Décisions sur les dépenses


Sur les dépens

48 Les frais exposés par les gouvernements allemand et hellénique, ainsi que par la Commission, qui ont soumis des observations à la Cour, ne peuvent faire l'objet d'un remboursement. La procédure revêtant, à l'égard des parties au principal, le caractère d'un incident soulevé devant la juridiction nationale, il appartient à celle-ci de statuer sur les dépens.

Dispositif


Par ces motifs,

LA COUR (cinquième chambre),

statuant sur les questions à elle soumises par le Bundesfinanzhof, par ordonnance du 24 septembre 1998, dit pour droit:

1) Un assujetti qui acquiert un bien d'investissement pour l'utiliser à la fois à des fins professionnelles et à des fins privées peut le conserver entièrement dans son patrimoine privé et ainsi l'exclure complètement du système de la taxe sur la valeur ajoutée.

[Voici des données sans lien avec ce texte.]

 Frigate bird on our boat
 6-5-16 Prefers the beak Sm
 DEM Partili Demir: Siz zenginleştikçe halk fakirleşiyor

2) Lorsqu'un assujetti a choisi d'intégrer entièrement dans son patrimoine professionnel un bien d'investissement qu'il utilise à la fois à des fins professionnelles et à des fins privées, la vente dudit bien est intégralement soumise à la taxe sur la valeur ajoutée conformément aux articles 2, point 1, et 11, A, paragraphe 1, sous a), de la sixième directive 77/388/CEE du Conseil, du 17 mai 1977, en matière d'harmonisation des législations des États membres relatives aux taxes sur le chiffre d'affaires - Système commun de taxe sur la valeur ajoutée: assiette uniforme. Lorsque l'assujetti n'a intégré dans son patrimoine professionnel que la partie du bien utilisée à des fins professionnelles, seule la vente de cette partie est soumise à la taxe sur la valeur ajoutée. Le fait que le bien a été acheté d'occasion à un non-assujetti et que l'assujetti n'a donc pas été autorisé à déduire la taxe sur la valeur ajoutée résiduelle le grevant est sans pertinence à cet égard. Toutefois, si l'assujetti prélève un tel bien de son entreprise, ce bien doit être considéré comme n'ayant pas ouvert droit à déduction de la taxe sur la valeur ajoutée au sens de l'article 5, paragraphe 6, de ladite directive et l'imposition, en vertu de cette disposition, du prélèvement est, par conséquent, exclue. Si, par la suite, l'assujetti vend le bien, il effectue cette opération à titre privé et celle-ci est donc exclue du système de la taxe sur la valeur ajoutée.